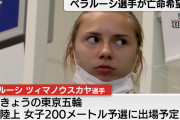 【画像】亡命希望のベルラーシ女子陸上選手ｗｗｗｗｗｗｗｗｗｗｗｗｗｗｗｗｗｗｗｗｗｗｗｗｗｗｗｗｗｗ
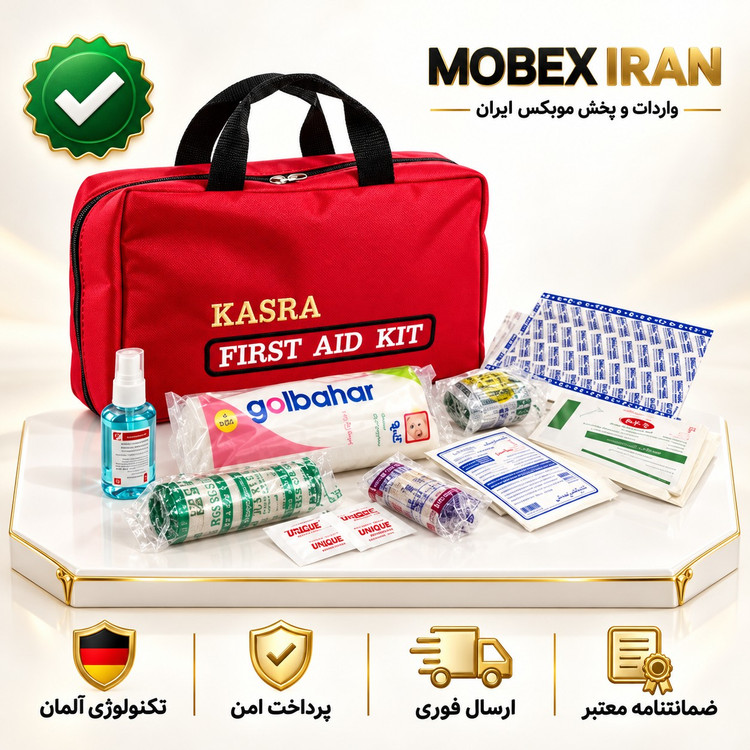 جعبه کمک های اولیه بامتعلقات ارسال فوری/کیف کمک اولیه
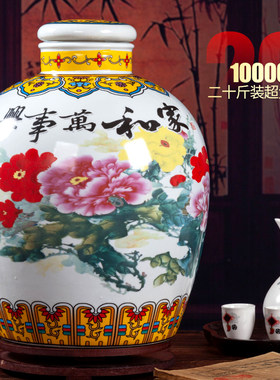 10L53度山西特产清香型白酒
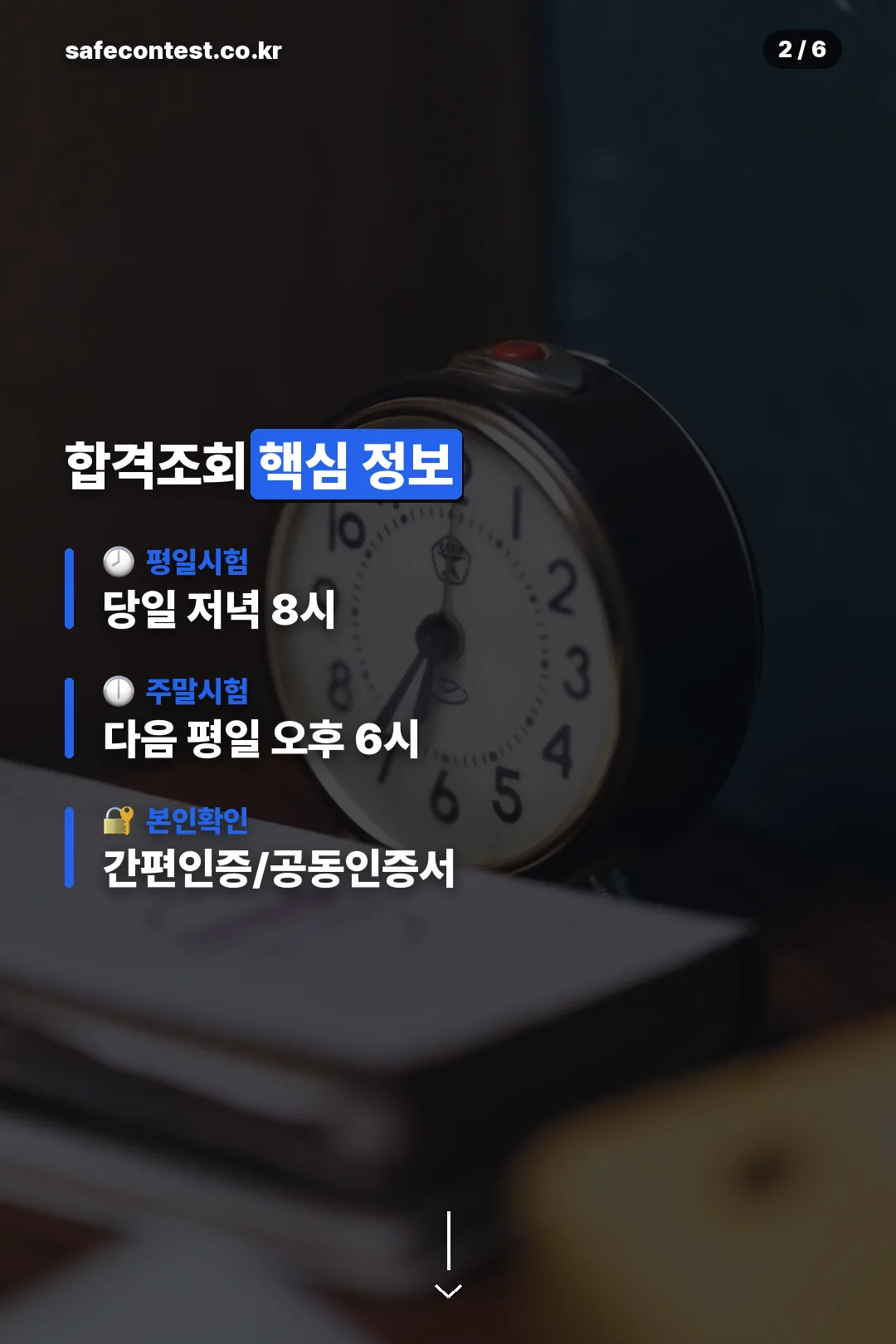 핵심 정보 한눈에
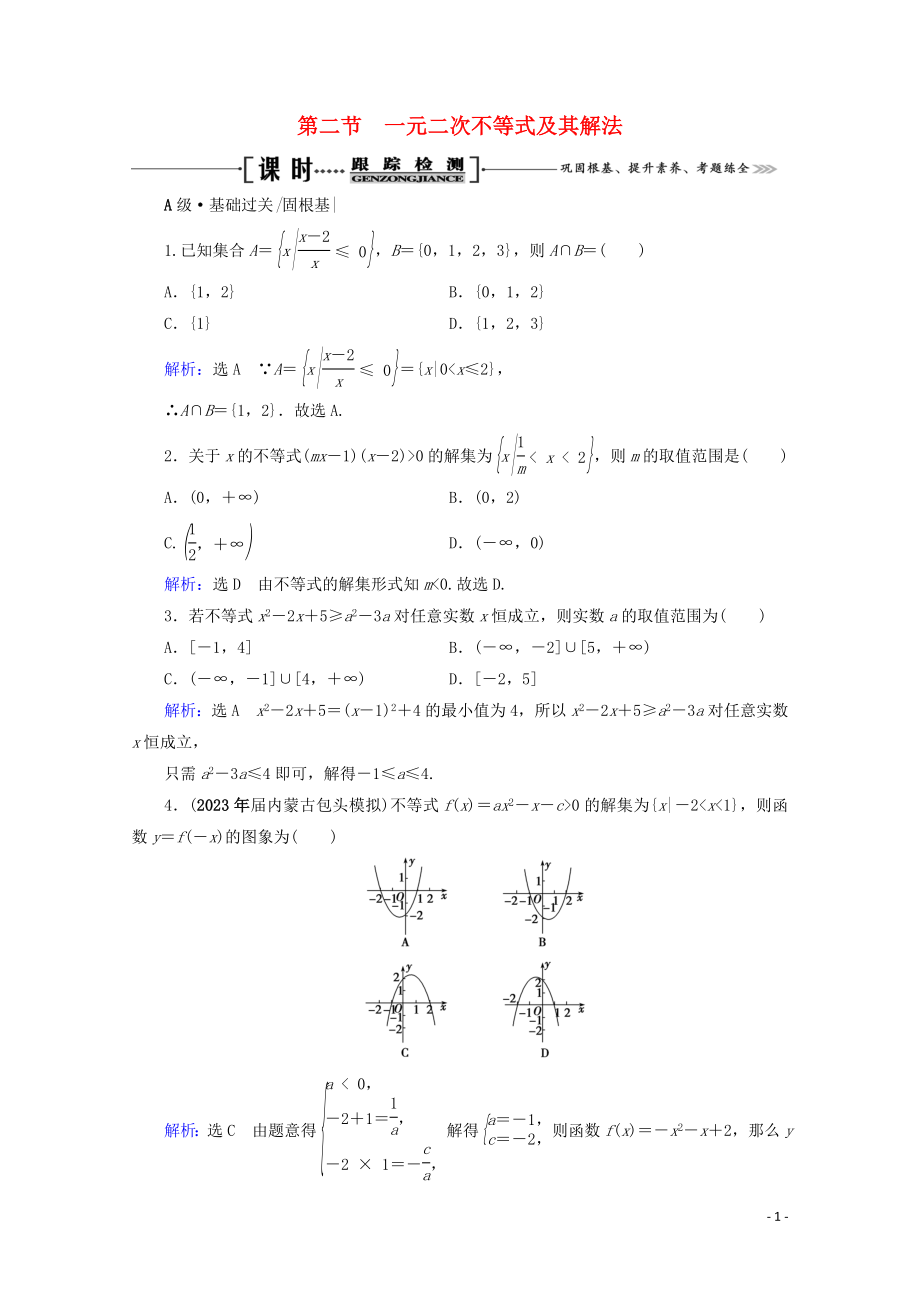 2023学年高考数学一轮复习第7章不等式第2节一元二次不等式及其解法课时跟踪检测文新人教A版.doc_第1页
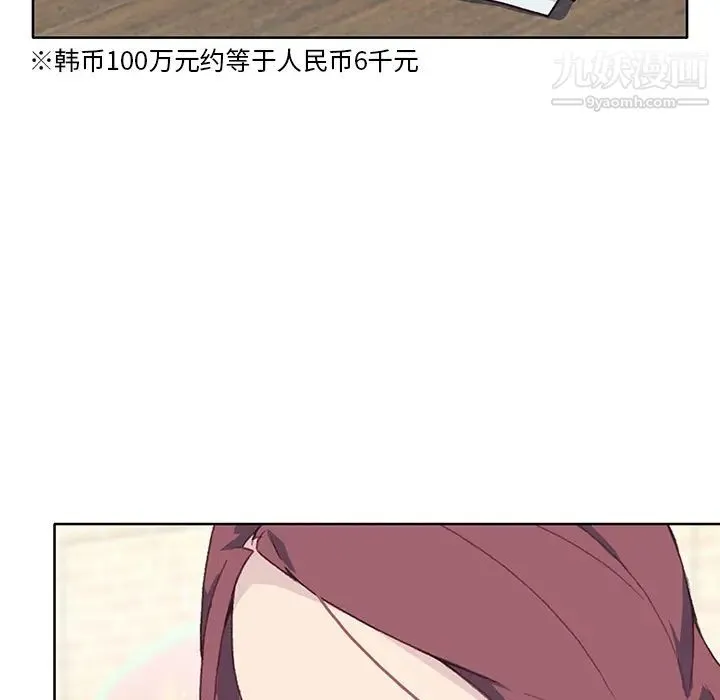 优质女人 - 第37话 - page 31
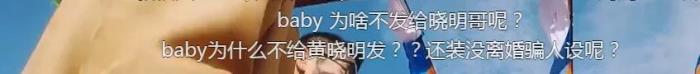 成毅蔡徐坤尬聊 蔡徐坤电视剧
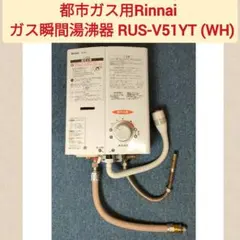 2026年最新】RUS-V51YTの人気アイテム - メルカリ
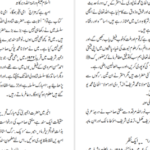 دانلود کتاب محمود الفتاوی جلد ۱ مفتی احمد صاحب خانپوری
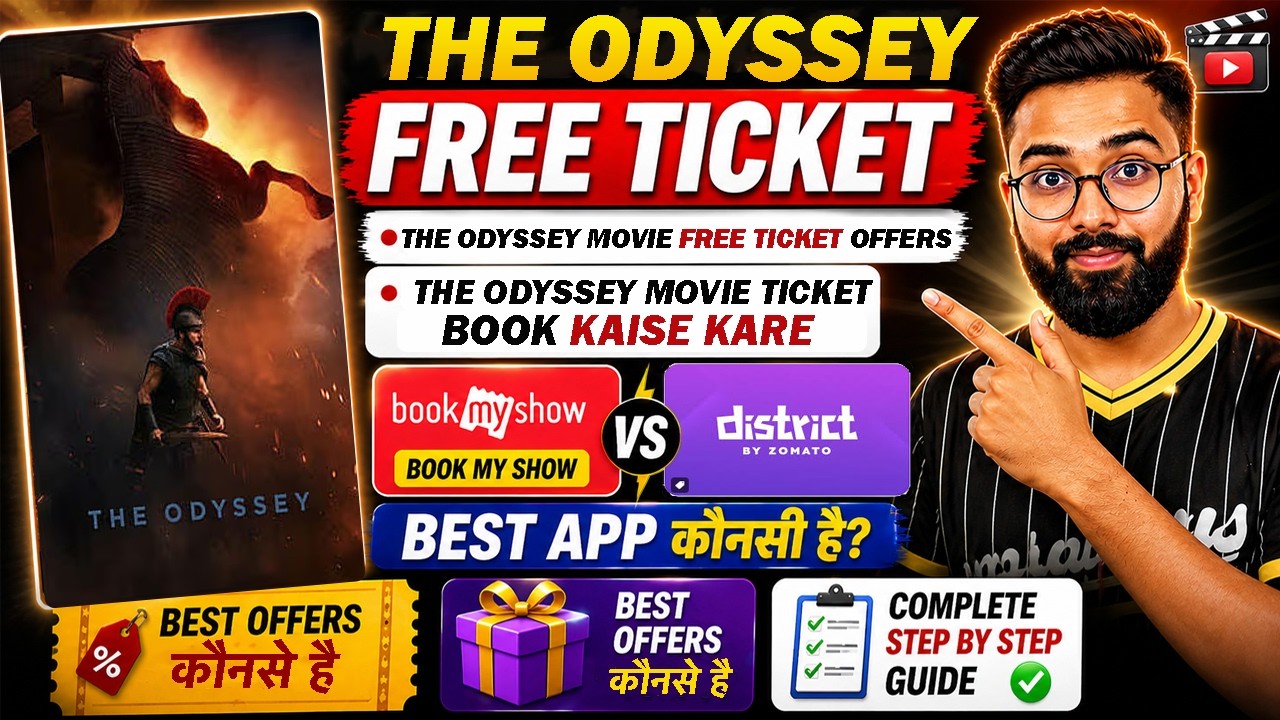 The Odyssey Free Movie Ticket | How to Book The Odyssey Movie Tickets | The Odyssey Ticket Offers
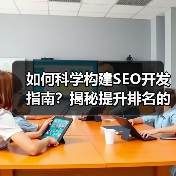 如何科学构建SEO开发指南？揭秘提升排名的终极策略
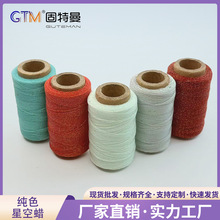 50色现货6股30克纯色星空-蜡线手工编绳编织项链绳手绳DIY专用线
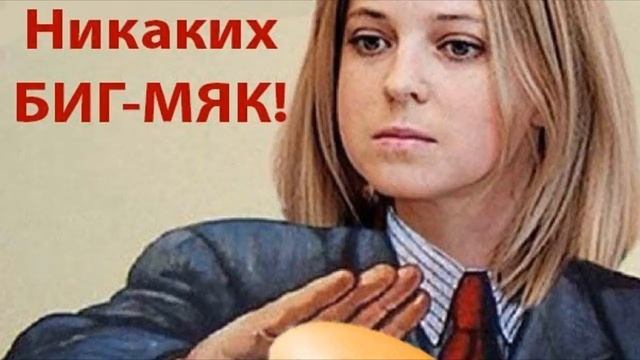 Вся правда о макдональдс или какая работа в макдоналдс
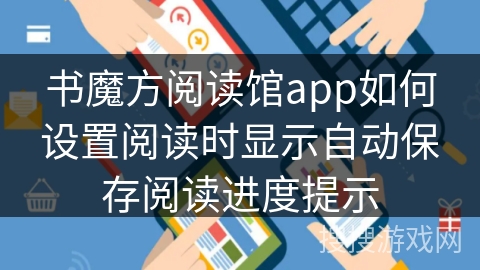 书魔方阅读馆app如何设置阅读时显示自动保存阅读进度提示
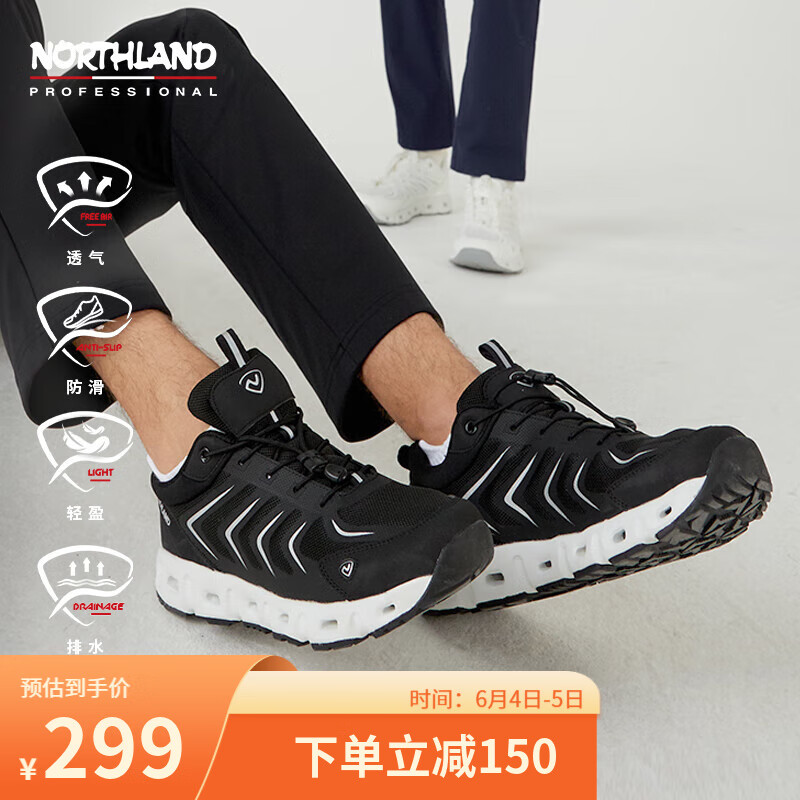 诺诗兰24轻便防滑溯溪鞋户外徒步登山透气排水男女休闲低帮鞋 男-黑色 42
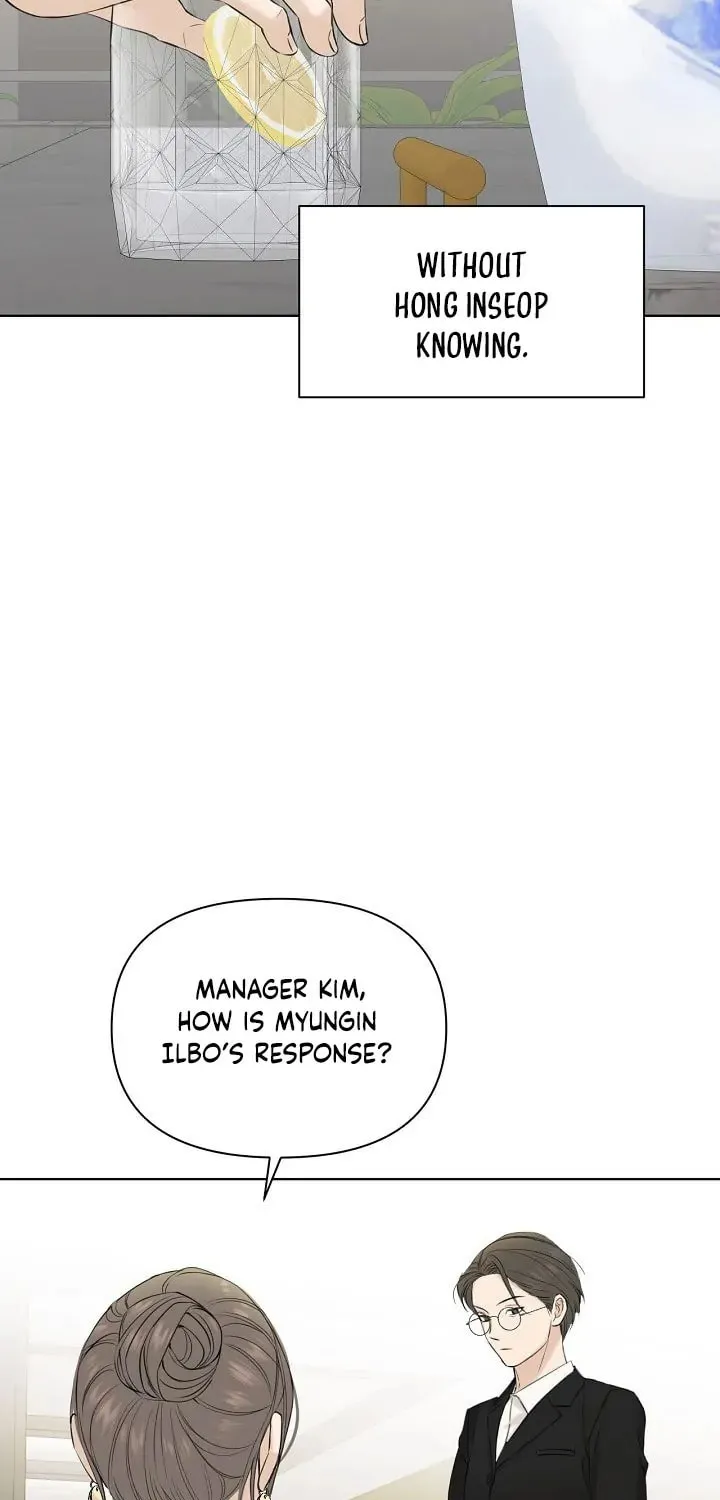 Read Just Twilight chapter 39 image 10 on Lezhin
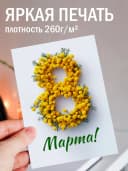 Открытка с 8 марта подарок и конверт — фото 2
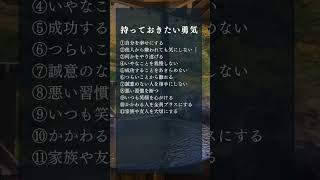 持っておきたい勇気 名言 自己啓発 ポジティブな言葉 いい言葉 ためになる言葉 ためになる言葉 占い 恋愛 刺さる名言 ポジティブ 開運 [upl. by Alyosha902]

### [Assigned task]
Your task is to transcribe exactly the lines from the one containing "جعبه کمک های" through the final line of the entries above, pictures excluded.

### [Your response]
 جعبه کمک های اولیه بامتعلقات ارسال فوری/کیف کمک اولیه
 10L53度山西特产清香型白酒
 핵심 정보 한눈에
 2023学年高考数学一轮复习第7章不等式第2节一元二次不等式及其解法课时跟踪检测文新人教A版.doc_第1页
 优质女人 - 第37话 - page 31
 成毅蔡徐坤尬聊 蔡徐坤电视剧
 2026年最新】RUS-V51YTの人気アイテム - メルカリ
 دانلود کتاب محمود الفتاوی جلد ۱ مفتی احمد صاحب خانپوری
 The Odyssey Free Movie Ticket | How to Book The Odyssey Movie Tickets | The Odyssey Ticket Offers
 如何科学构建SEO开发指南？揭秘提升排名的终极策略
 50色现货6股30克纯色星空-蜡线手工编绳编织项链绳手绳DIY专用线
 Вся правда о макдональдс или какая работа в макдоналдс
 书魔方阅读馆app如何设置阅读时显示自动保存阅读进度提示
 诺诗兰24轻便防滑溯溪鞋户外徒步登山透气排水男女休闲低帮鞋 男-黑色 42
 Read Just Twilight chapter 39 image 10 on Lezhin
 Открытка с 8 марта подарок и конверт — фото 2
 持っておきたい勇気 名言 自己啓発 ポジティブな言葉 いい言葉 ためになる言葉 ためになる言葉 占い 恋愛 刺さる名言 ポジティブ 開運 [upl. by Alyosha902]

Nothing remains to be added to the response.